#### [Data listing]
______________________________

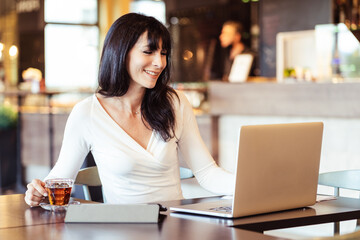 Portrait of a smiling adult woman with laptop in cafe -  smart working concept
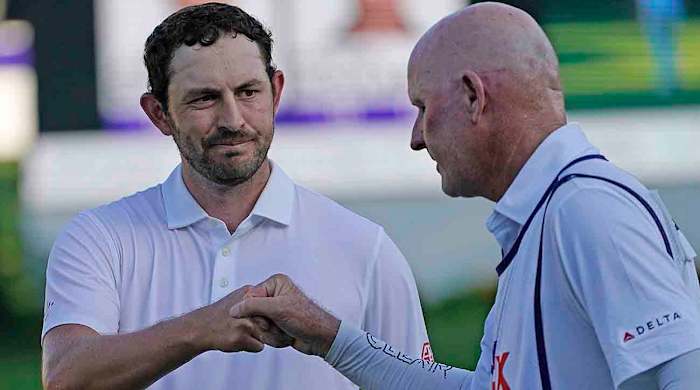 Patrick Cantlay, left, bumps fists with caddie Joe LaCava on the 18th green during the final round of the 2023 St. Jude Championship.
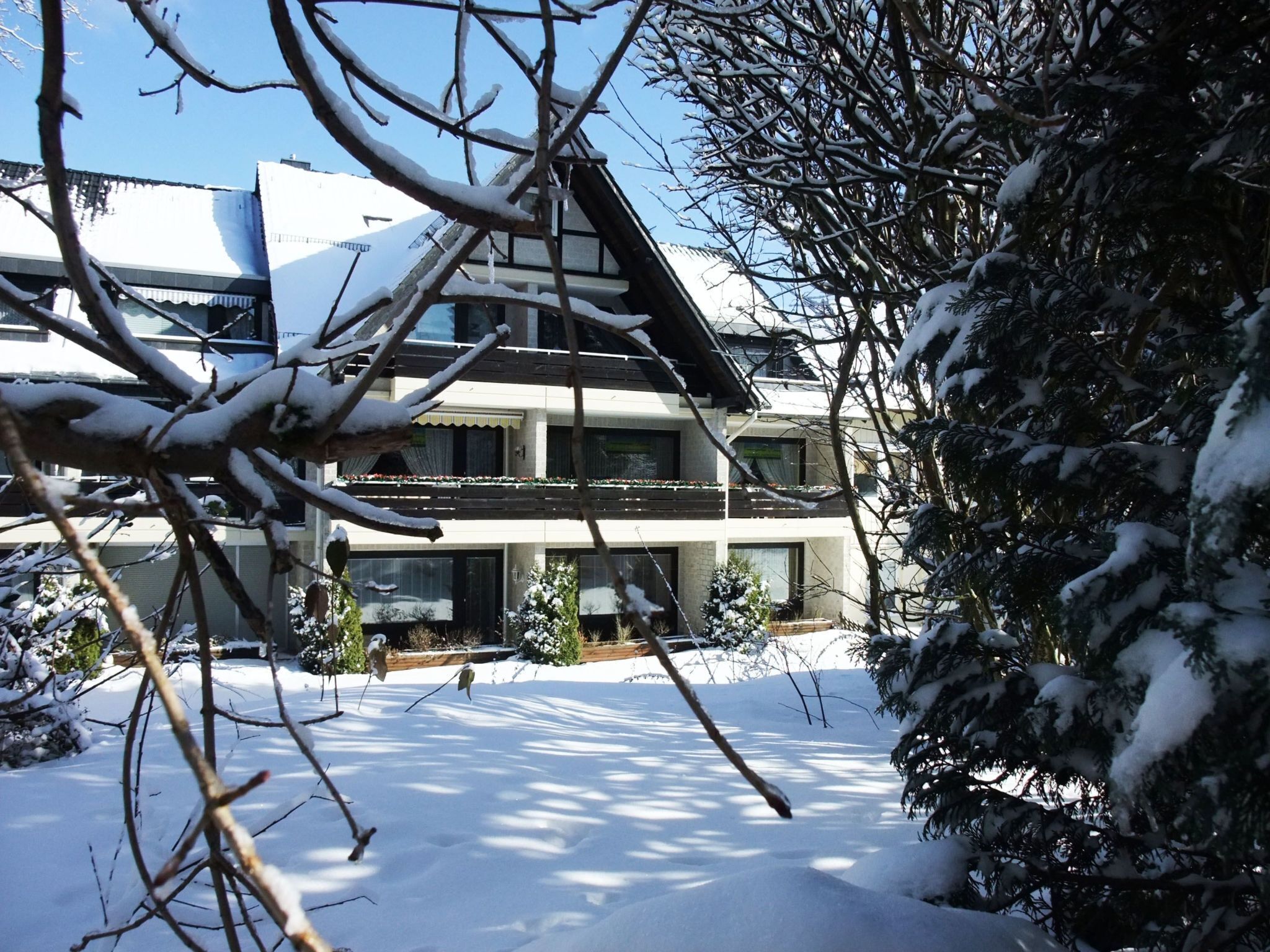 Um edifício com vários andares, telhado coberto de neve e varandas.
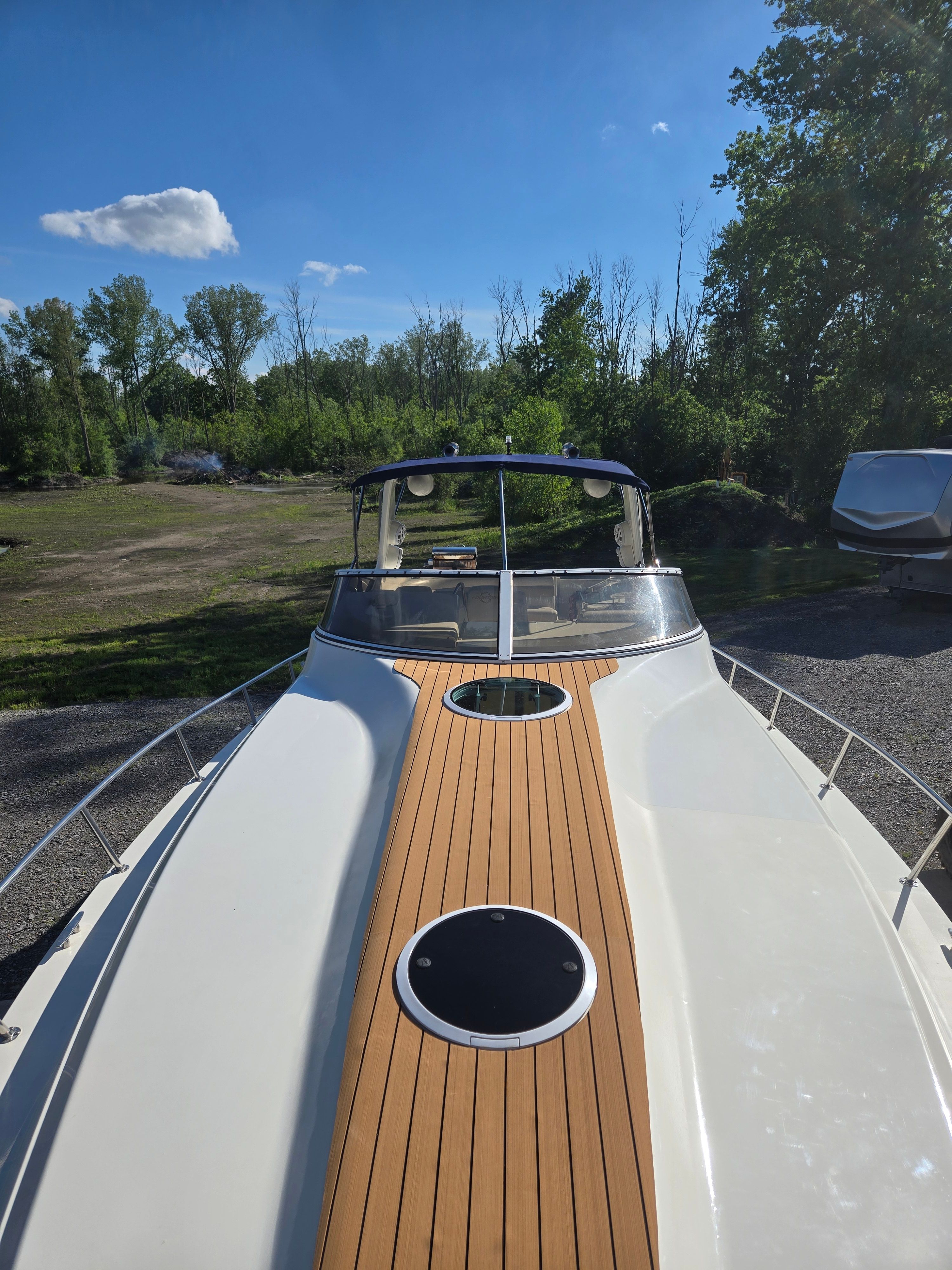 Fountain 38 Express Cruiser 2004 on land with wooden deck.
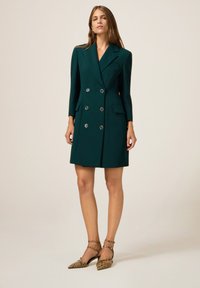 Frau trägt ein dunkelgrünes doppelt knöpfbares Blazer-Kleid mit silbernen Knöpfen und spitzen Pumps mit Schlangenleder-Muster und Knöchelriemen.
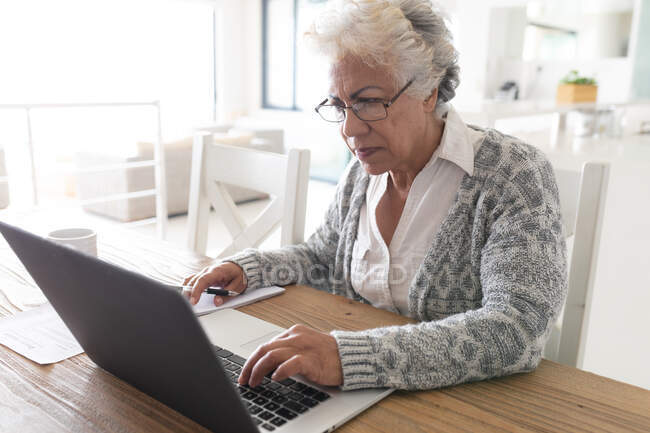 Gemischte Rasse Seniorin sitzt am Tisch mit Laptop. Isolationshaft während der Quarantäne. — Stockfoto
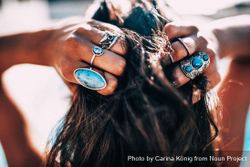 Woman wearing turquoise rings holding her hair y0vRo0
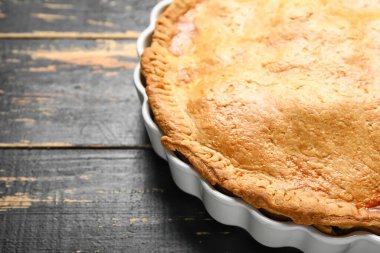 Ahşap arka planda lezzetli tavuklu turta pişirme, yakın plan.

______________________________

#### [What you need to do]
Leave the pictures out and return the rest of the material exactly.

#### [Answer to this problem]
 Portrait of a smiling adult woman with laptop in cafe -  smart working concept
 Patrick Cantlay, left, bumps fists with caddie Joe LaCava on the 18th green during the final round of the 2023 St. Jude Championship.
 Um edifício com vários andares, telhado coberto de neve e varandas.
 Fountain 38 Express Cruiser 2004 on land with wooden deck.
 Frau trägt ein dunkelgrünes doppelt knöpfbares Blazer-Kleid mit silbernen Knöpfen und spitzen Pumps mit Schlangenleder-Muster und Knöchelriemen.
 Gemischte Rasse Seniorin sitzt am Tisch mit Laptop. Isolationshaft während der Quarantäne. — Stockfoto
 Woman wearing turquoise rings holding her hair y0vRo0
 Ahşap arka planda lezzetli tavuklu turta pişirme, yakın plan.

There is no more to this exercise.